Sir James Douglas

Sir James Douglas

The Douglas Treaties: A Legacy of Controversy

Most of us in the Victoria area live on land that was obtained as the result of the Douglas Treaties

Since I began writing these columns some months ago, one of the most rewarding aspects of their publication has been the response from readers.

I never need to check if they’ve been released by the Black Press because my inbox suddenly starts to “ping” with incoming mail.

Sometimes readers have topics they want addressed and about six weeks ago one reader who is relatively new to the Victoria area sent me a list of queries on local history matters, including the controversial “Douglas Treaties.”

The term is thrown around quite frequently in the context of the historical and contemporary relationship of European settlers with the First Nations of Vancouver Island, but their exact story is hazy for many Victorians.

These treaties are also known as the “Fort Victoria Treaties” and they refer to a series of documents drawn up between 1850 and 1854 by Sir James Douglas, who was then chief factor of the Hudson’s Bay Company and (as of 1851) governor of the Colony of Vancouver Island.

Fort Victoria was established in 1843 as a fur trading outpost with a small population of about 300 Europeans.

In 1849 the British government gave Vancouver Island official status as a colony, still governed by the Hudson’s Bay Company via a 10-year lease agreement.  A mandate to encourage immigration and European settlement in the colony was part of the deal.

In order to accommodate these new colonists, Douglas had one major need:  land.

Fort Victoria was a small place, only about two blocks square, and though there were relatively large farms scattered across the Victoria area, the majority of the land was still under the control of the indigenous people who had made this place their home for 10 or 12 millennia.

At the time, Douglas was considered by other European settlers to have a constructive, positive relationship with the First Nations of our island.  Time, however, has not been so kind to the way we view the Douglas Treaties today.

Over four years, Douglas negotiated a total of 14 treaties, although he never used the term himself.  He preferred to refer to them as “deeds of conveyance” or “sales,” but eventually the term “treaty” was upheld by the Canadian Supreme Court in 1965 as the British government had sanctioned him to negotiate on their behalf.

In total these treaties saw Vancouver Island First Nations including the Songhees, Esquimalt, Saanich, Kwakiutl, and Becher Bay Bands amongst others,  “sign over” the rights to about 930 square kilometers of their traditional lands in the Victoria, Saanich, Sooke, Nanaimo and Port Hardy regions, in exchange for cash, blankets and clothing.

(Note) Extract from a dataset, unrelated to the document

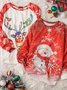 Women Christmas Santa Claus Crewneck Loose Long Sleeve Red Sweatshirts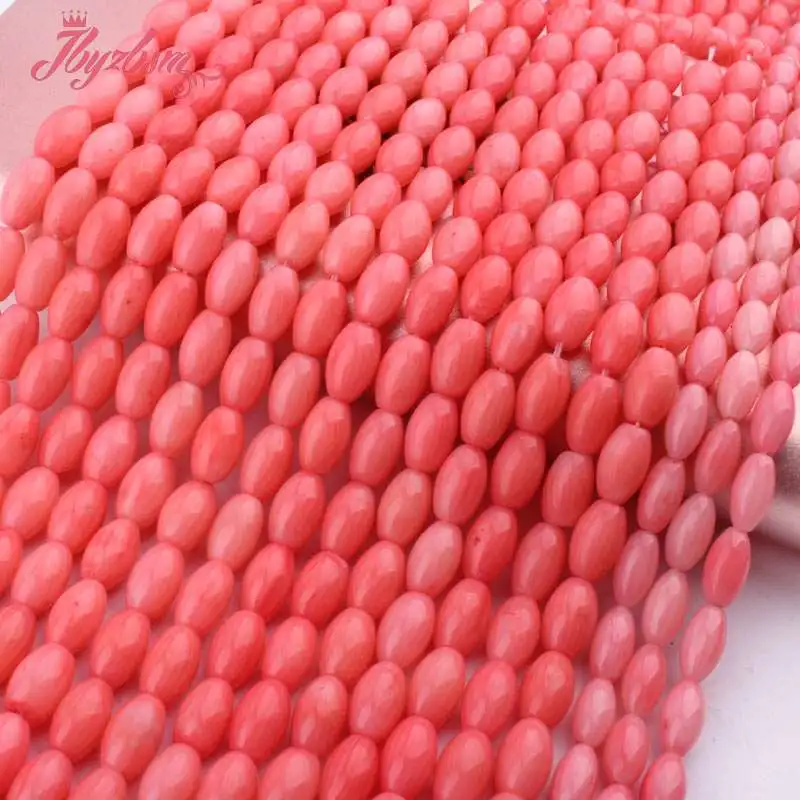 5x8 3x6mm Smooth Oval Pink Coral Beads Natural Stone Loose For DIY Women Necklace Bracelets Earring Jewelry Making 15&quot | Украшения и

No band received more than the equivalent of about $9,000 in today’s money.

They maintained the ownership of their villages and enclosed fields, and were permitted to hunt on unoccupied land and fish in their traditional territories, whether occupied by Europeans or not.

But how were these deals negotiated?  Well, quite simply, Douglas had a translator verbally explain the content of the documents to the First Nations leaders, who in turn were asked to sign or mark an X at the bottom of a blank leger page. The actual terms of the treaties were usually added to the blank pages at a later date.

It seems clear now from indigenous oral histories that the First Nations did not know what they were nominally “agreeing” to. Most thought this was a peace treaty and not a sale of land. Others thought it was a confirmation of their village and agriculture sites, and therefore an arrangement so that they could live together harmoniously with the new settlers.

The inhabitation and occupation of land by First Nations was not and indeed still is not viewed within a European definition of ownership. Douglas’s assumption that “empty” land, unoccupied by fields or villages, was somehow disposable did not fit with indigenous principles of ancestral territorial rights.

Douglas stated that the indigenous peoples would have the same “rights and privileges” as the colonists once they complied with the land treaties, which certainly sounds equitable. Modern scholars, however, tend to view this as an attempt to ‘domesticate’ First Nations and, worst of all, disconnect them from the land upon which their cultural identity had been dependant for thousands of years.

Douglas stopped negotiating treaties in 1854 as the expansion of the colony was slow and relatively few settlers were arriving. This all changed when the Fraser River Gold Rush of 1858 hit, and 25,000 gold miners flooded to Vancouver Island and then over to the mainland in search of their fortunes.

Today, most of us who reside in the Victoria area live on land that was obtained as the result of the Douglas Treaties, and their validity is still regularly tested in court.